TASK INSTRUCTIONS
Repeat, word for word, every line from the line holding "Anytime Astro Live" through the final line of the entries below. Skip all pictures.

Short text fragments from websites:

_ _ _ _ _ _ _

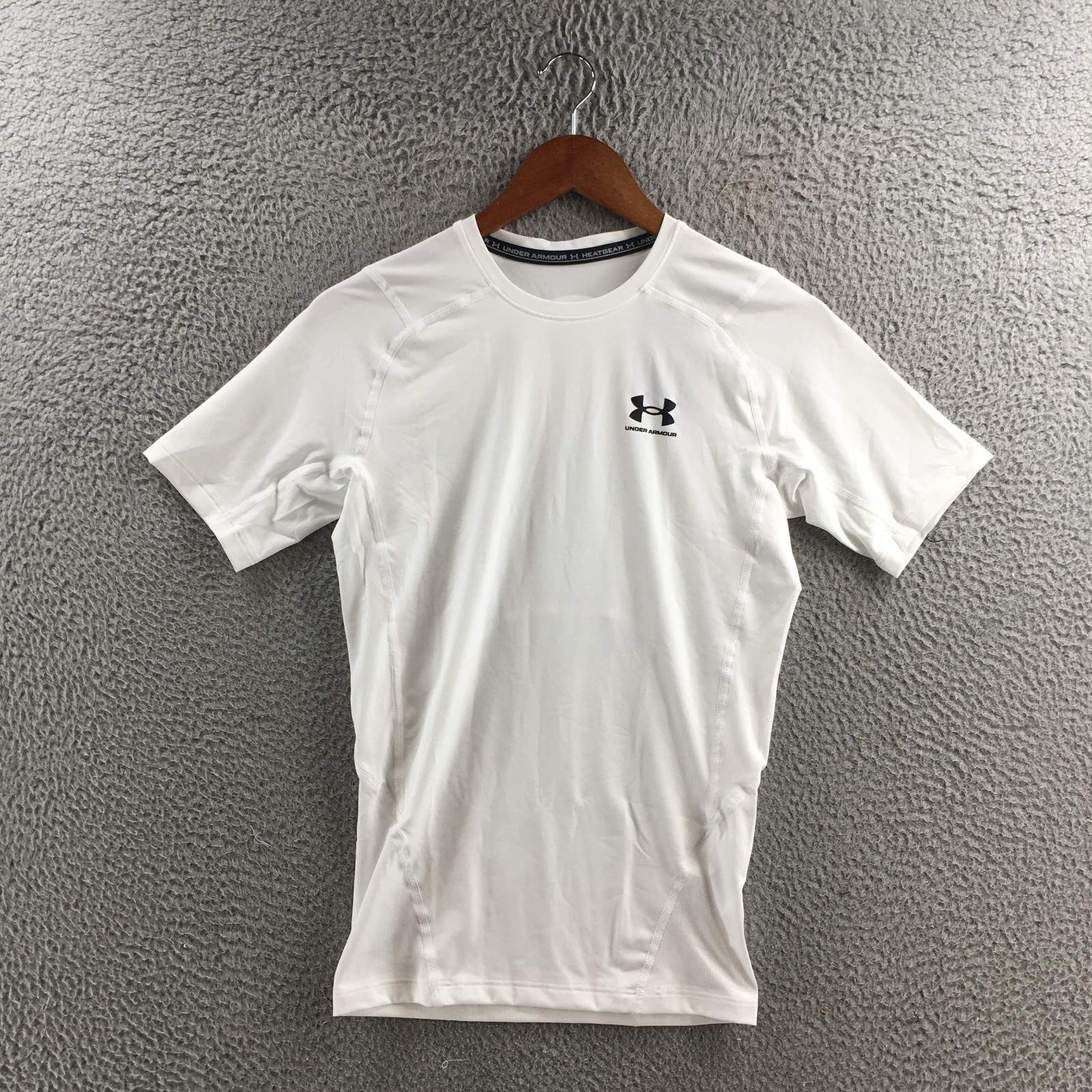 Under Armour HeatGear Compression T-Shirt Mens MD White Short Sleeve Crew NEW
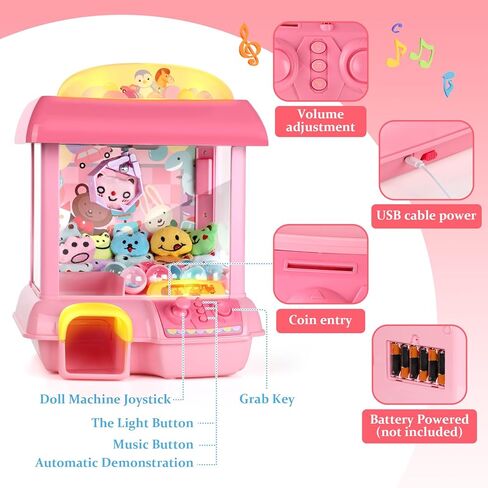 آلة مخلب سيريليم للأطفال، لعبة آلة مخلب بجهاز تحكم عن بعد 2.4 جيجا، لعبة آلة مخلب صغيرة لعبة داخلية مع نظام ذكي للموسيقى والإضاءة للحفلات، من أجل 3 4 5 6 فتيات in Kuwait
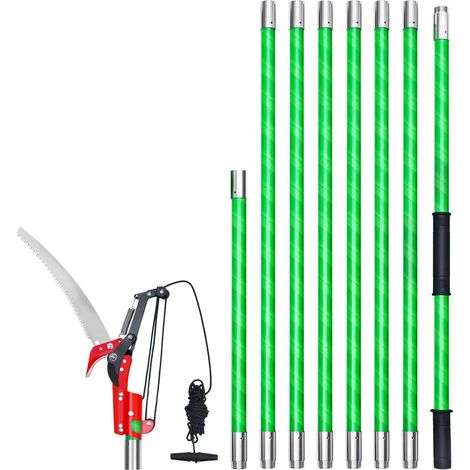 Scie à perche manuelle extensible 118-809,3 cm avec lame en acier 65Mn,outil léger pour élaguer arbres et palmiers (1/5)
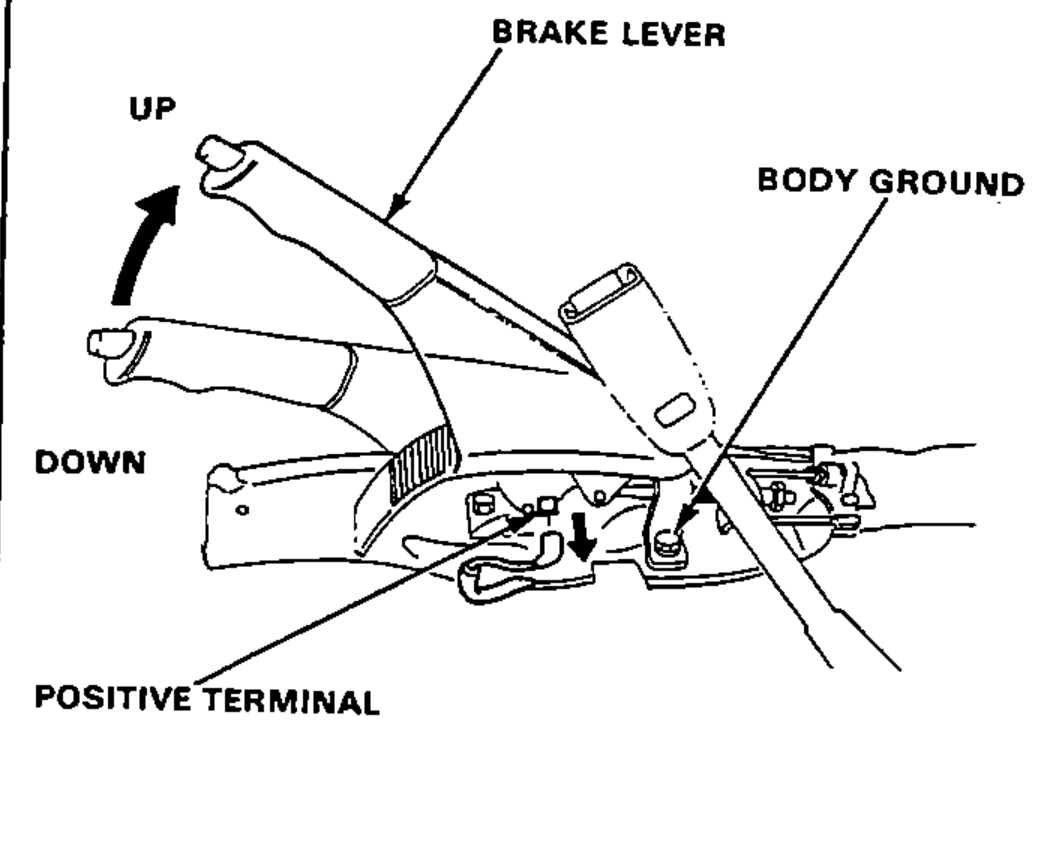 Parking brake lever assembly showing the parking brake switch. Arrows indicate the UP and DOWN lever positions. Leaders point to the BRAKE LEVER, BODY GROUND, and POSITIVE TERMINAL.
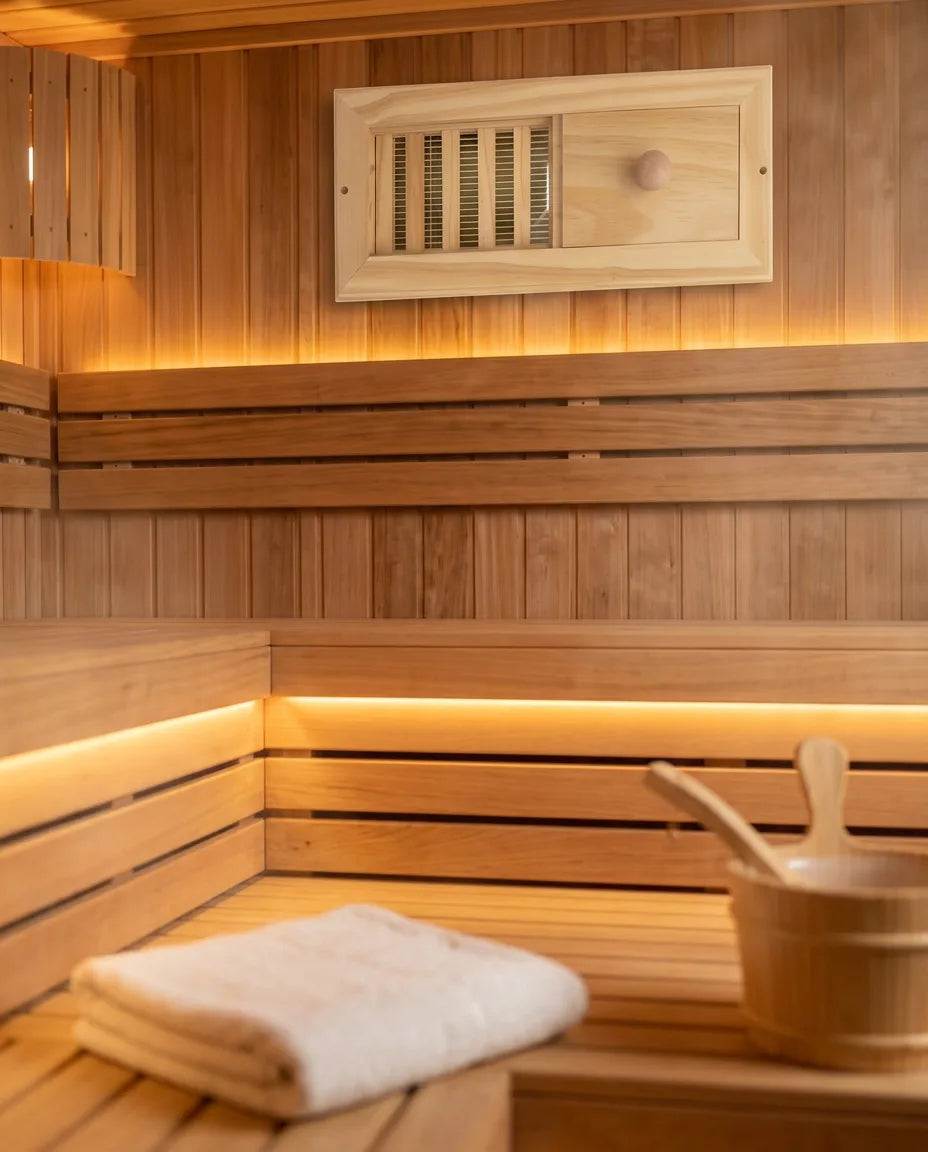 Sauna-Lüftungsventil aus Saunaholz – regulierbare Belüftung mit Schieber – Produktbild 2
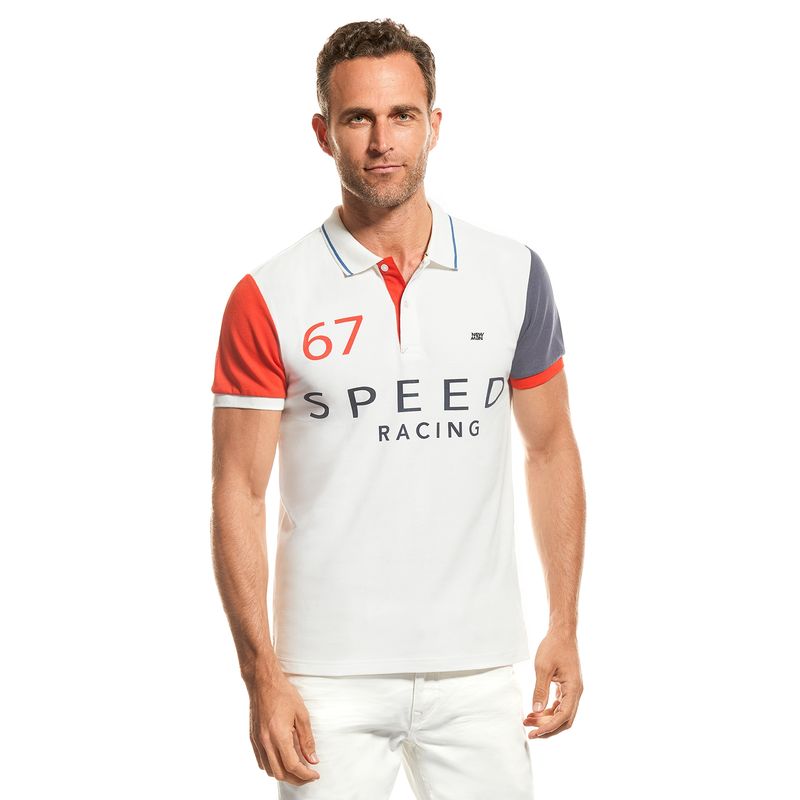 NEW MAN - Polera Polo Quique Blanco New Man_.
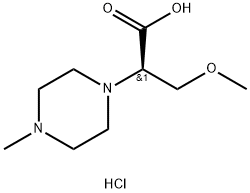 (R)-3-甲氧基-2-(4-甲基哌嗪-1-基)丙酸二盐酸盐 结构式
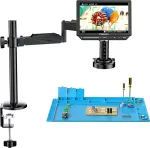 Tomlov tm4k-af flex 4k automatinio fokusavimo skaitmeninis mikroskopas hdmi, 8 colių ips monetų didinimas 2000x, 52mp mikroskopo kamera litavimui, su lanksčia rankena, daugiafunkcinis litavimo kilimėlis, žiedinė lempa, 64gb kortelė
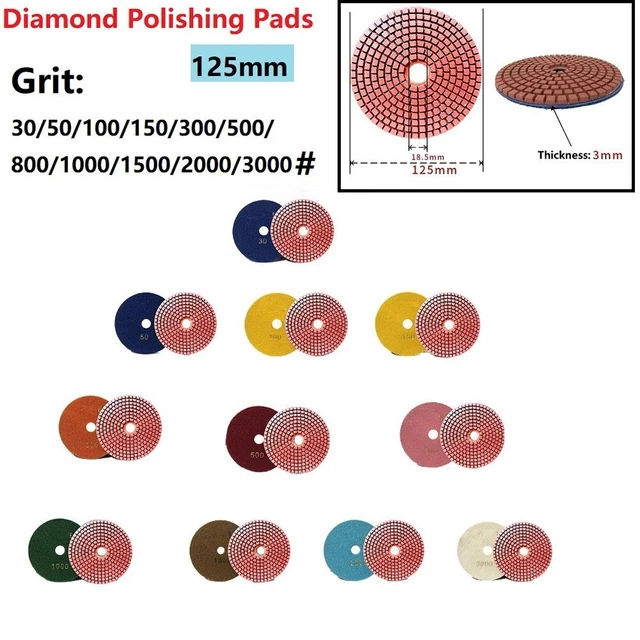 5 pouces/125 mm coussinets de polissage diamant sec/humide disques de meulage fl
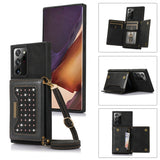 Three-fold RFID Leather Phone Case with Lanyard, For Samsung Galaxy Note20 Ultra, For Samsung Galaxy S20, For Samsung Galaxy S20+, For Samsung Galaxy S20 FE, For Samsung Galaxy S21, For Samsung Galaxy S22, For Samsung Galaxy S21 Ultra������������������...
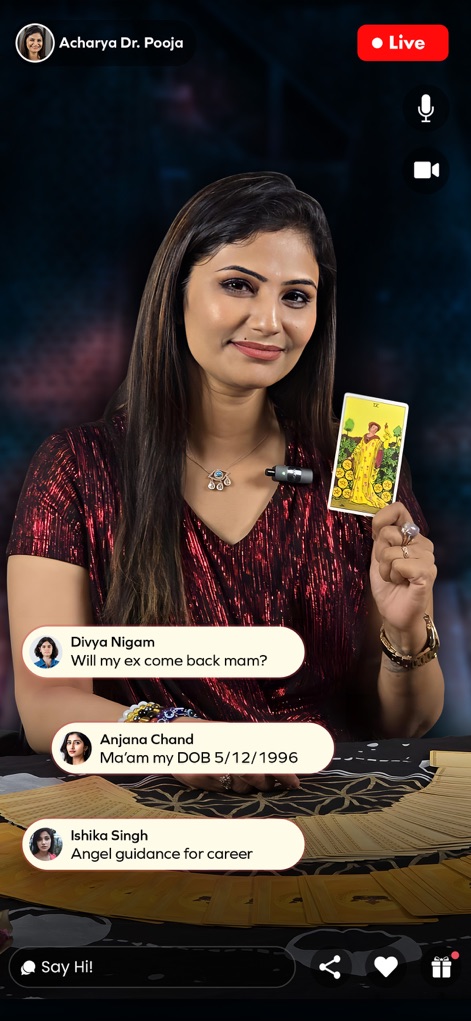 Anytime Astro Live Chat & Talk - Participate in dynamic "Live Sessions" featuring expert astrologers, where users can interact and pose questions such as "Will my ex come back mam?" in real-time.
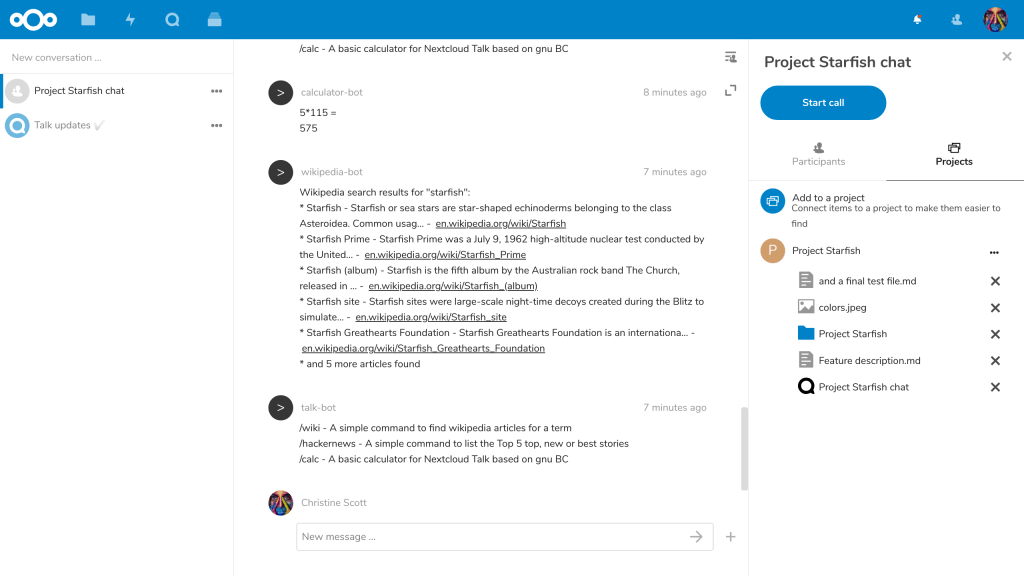 Nextcloud 16 Talk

_ _ _ _ _ _ _

EXERCISE ANSWER
 Anytime Astro Live Chat & Talk - Participate in dynamic "Live Sessions" featuring expert astrologers, where users can interact and pose questions such as "Will my ex come back mam?" in real-time.
 Nextcloud 16 Talk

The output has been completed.